Marin’s biggest project is his most recent, the Biblioteca Municipal Ilustre Municipalidad de Licantén, near the middle of the country’s 6,400km coastline. The building is part of a government scheme to create 21 new libraries for each province of Chile between 2007 and 2009. It’s a reclamation of an existing train repair facility, and based on the existing shell of the building, the preserved part of which is demarcated by a prominent sawtooth roof and which is sandwiched between two small extensions. From the exterior, a glazed wall with an installation of embedded steel-plated circles predominates. This wall emerged from a regional typology of ornamental screens – for safety and privacy, according to Marin – in country houses.
Additionally, Marin included artisanal tile flooring and ornament throughout.
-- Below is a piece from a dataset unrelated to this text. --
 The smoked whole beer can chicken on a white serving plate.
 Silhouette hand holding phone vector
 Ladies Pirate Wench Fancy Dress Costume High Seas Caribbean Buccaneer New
Clerestory glazing in the sawtooth roof and the decorative window arranegement fills the space with light, which reflects off the white-plastered, gallery-like walls. The result is a building that weaves together the building’s own history and its surroundings – a design strategy resonant with its function as a local library.
It’s easy to see why Marin is so successful at public projects – he is an aspirational pragmatist: fighting for hard-to-get projects but accommodating enough to ensure their completion. He remains wedded to a discourse of architecture that blurs its categorical definitions and reaches out, through and between art, design and politics. After years in the international spotlight for its sensitive regional modernism, with practitioners like Marin at its helm Chilean architecture is poised for its second act.